[PROBLEM DETAILS]: Among the lines of the listing below, retype exactly those from the one containing "Restrictive school phone" through the one containing "Osoba w brązowym", both included. Do not include pictures.

[Opening SUPPLIED INFORMATION section]

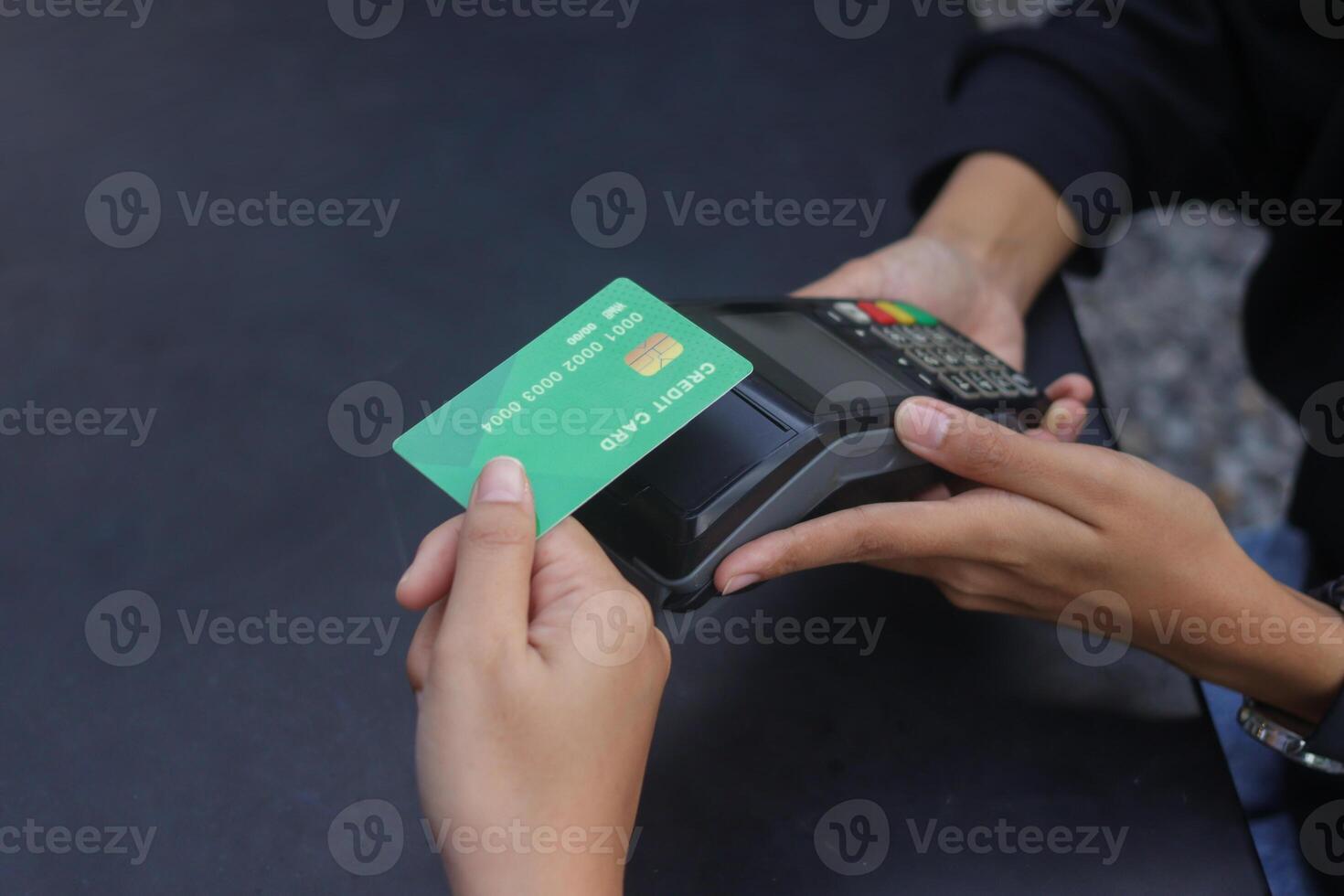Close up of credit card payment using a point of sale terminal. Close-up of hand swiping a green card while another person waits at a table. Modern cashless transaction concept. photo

[Closing SUPPLIED INFORMATION section]
[Opening SUPPLIED INFORMATION section]

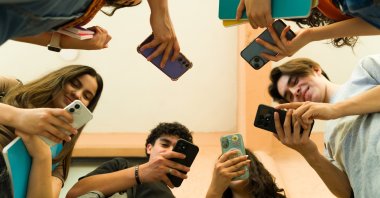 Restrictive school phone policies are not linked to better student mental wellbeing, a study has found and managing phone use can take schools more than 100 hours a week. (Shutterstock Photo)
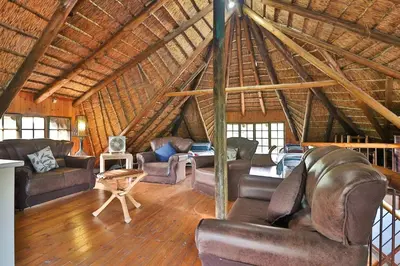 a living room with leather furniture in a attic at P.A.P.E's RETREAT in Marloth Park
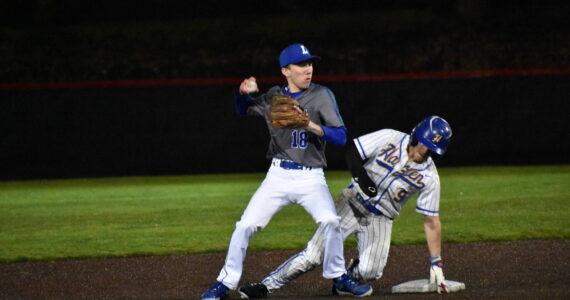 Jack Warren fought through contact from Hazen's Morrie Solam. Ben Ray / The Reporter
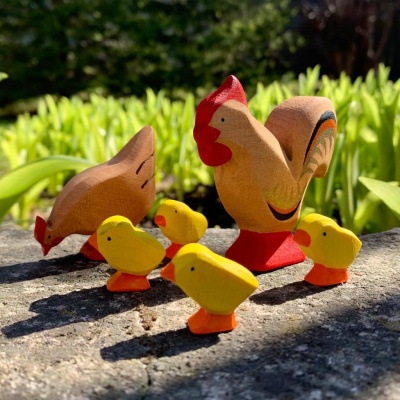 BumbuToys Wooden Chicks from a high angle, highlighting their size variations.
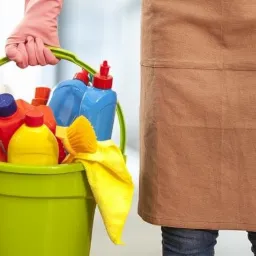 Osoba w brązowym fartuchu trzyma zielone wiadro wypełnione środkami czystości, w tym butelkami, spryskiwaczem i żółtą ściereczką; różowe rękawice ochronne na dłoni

[Closing SUPPLIED INFORMATION section]

[COMPLETED EXERCISE]:
 Restrictive school phone policies are not linked to better student mental wellbeing, a study has found and managing phone use can take schools more than 100 hours a week. (Shutterstock Photo)
 a living room with leather furniture in a attic at P.A.P.E's RETREAT in Marloth Park
 Jack Warren fought through contact from Hazen's Morrie Solam. Ben Ray / The Reporter
 BumbuToys Wooden Chicks from a high angle, highlighting their size variations.
 Osoba w brązowym fartuchu trzyma zielone wiadro wypełnione środkami czystości, w tym butelkami, spryskiwaczem i żółtą ściereczką; różowe rękawice ochronne na dłoni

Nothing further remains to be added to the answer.